I found 3 things to read from authors who truly understand:
- Why Procrastinators Procrastinate, a wonderful blog post that is very popular among the reddit procrastination crowd. It is valuable because it gives names to the thoughts and feelings we procrastinators have. By giving these things names, it’s easier to think about them objectively. This is a must-read. So is the follow-up post, How to Beat Procrastination.
- The Procrastination Equation, a book by Dr. Piers Steel. This is a truly scientific look at procrastinators. The explanations in this book for why I do the stupid shit that I do gave me incredible insight. This is required reading.

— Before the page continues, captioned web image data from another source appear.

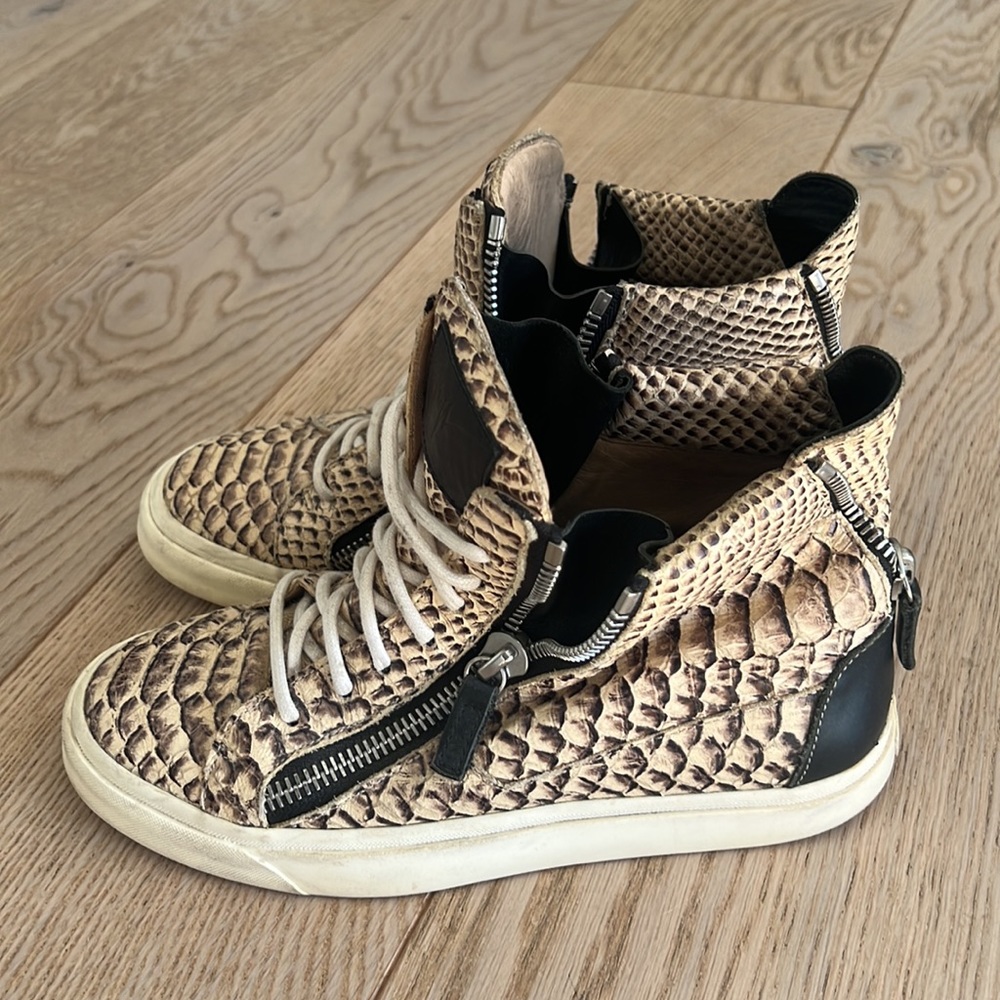 Giuseppe Zanotti python sneaker - Picture 2 of 5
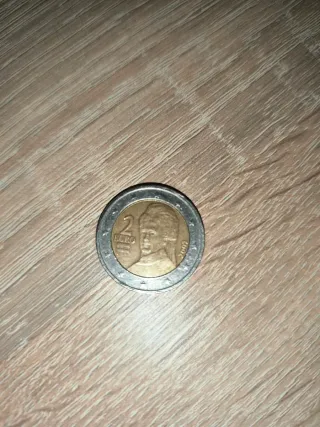 Moneda 2 Euros Austria 2002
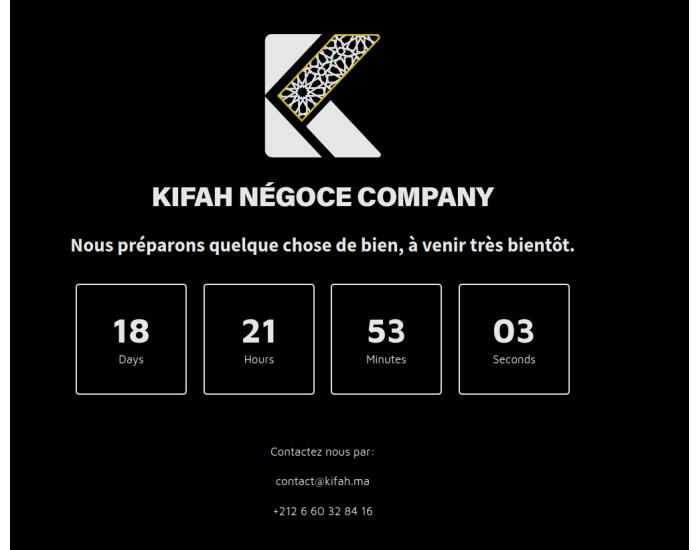 KIFAH NEGOCE COMPANY SARL  KIFAH PLACO PLATRE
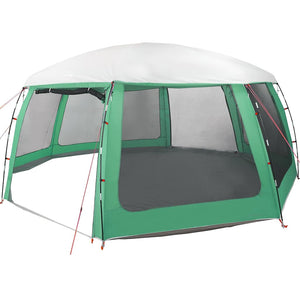 Poolzelt mit Netz Meergrün 690x690cm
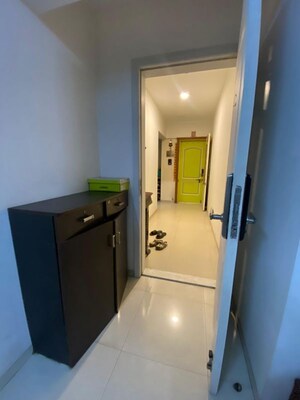 Building Lobby in  Apartment at Divya Heights, Pimple Saudagar – for Rent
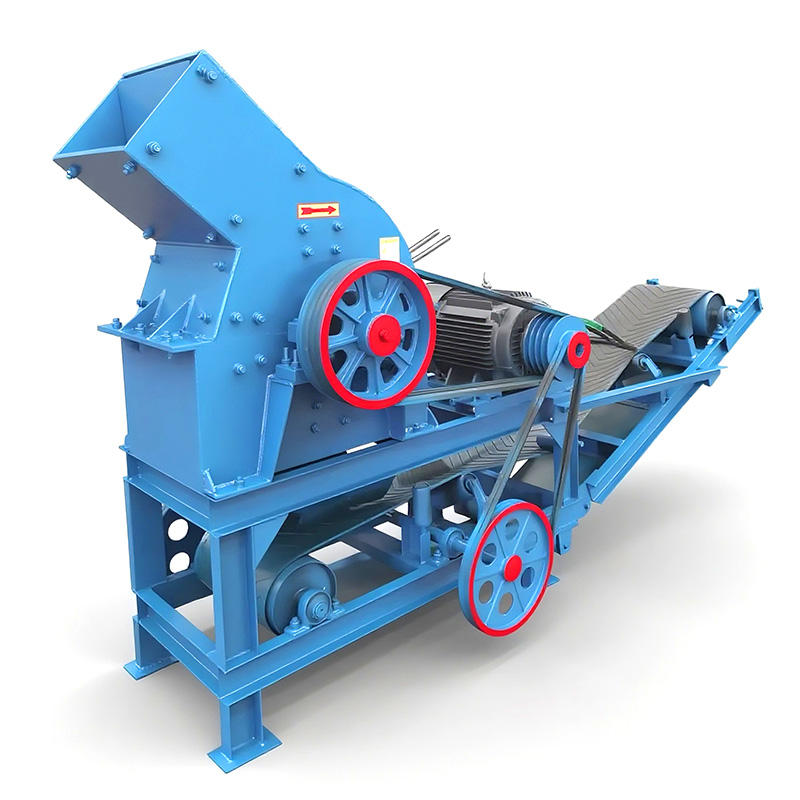 PC200*300 Mobile Hammer Crusher with Core Motor and Bearing Components for Stone & Ore Mining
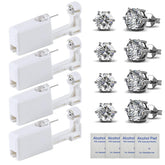 HYJLPAF ear piercing kit 4-pack for easy at-home piercing.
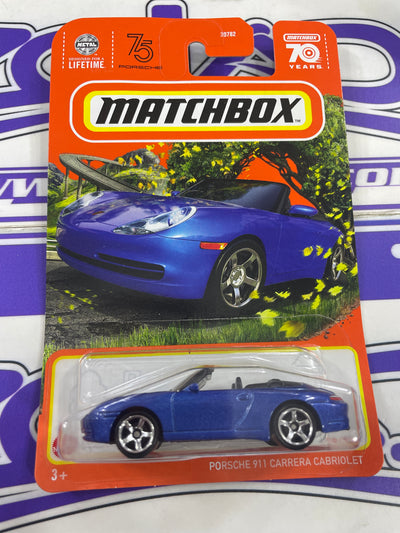 HKX02 PORSCHE 911 CARRERA CABRIOLET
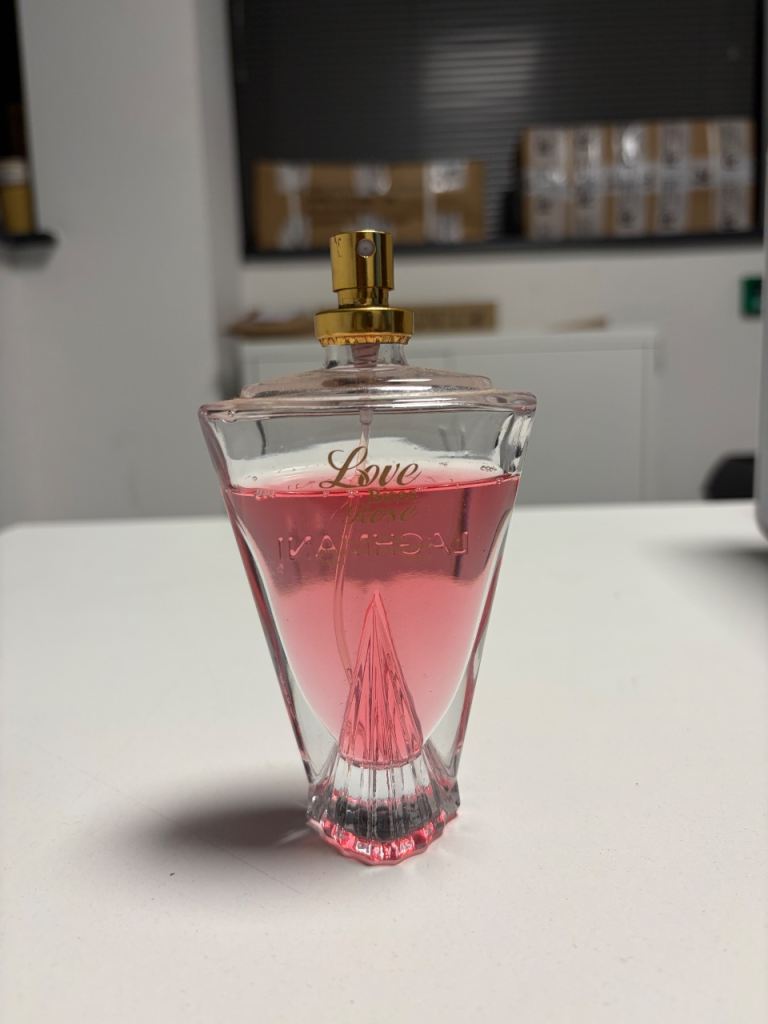 Laghmani "Love Bites Rose" Eau De Parfum – 100ml Bottle (Approx. 60% Full)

- The Flinch, a short e-book that talks about why it’s hard to do the things we know we want to do. There are some great ideas in here, especially about overcoming “The Flinch”, that have really helped me take action against the problem.
Armed with great new knowledge, about 5 weeks ago I set out to defeat this demon that has plagued me for over 20 years. Friends, let me tell you something. The last 5 weeks have been the most productive 5 consecutive weeks that I can remember. I haven’t wasted a single day when I used to literally waste weeks at a time. I’ve wasted hours, don’t get me wrong, as much as half a day here and there, but every work day of the last 25 I have accomplished enough goals to feel proud when it came time to shut down my work computer.
I’m winning battles. Finally. For the first time in over 2 decades I’m beating this thing. It feels great. So I’m going to write about it and maybe what I’ve learned will be helpful to some of you.
For right now, read those things I listed and think about this: stop looking for external solutions to an internal problem.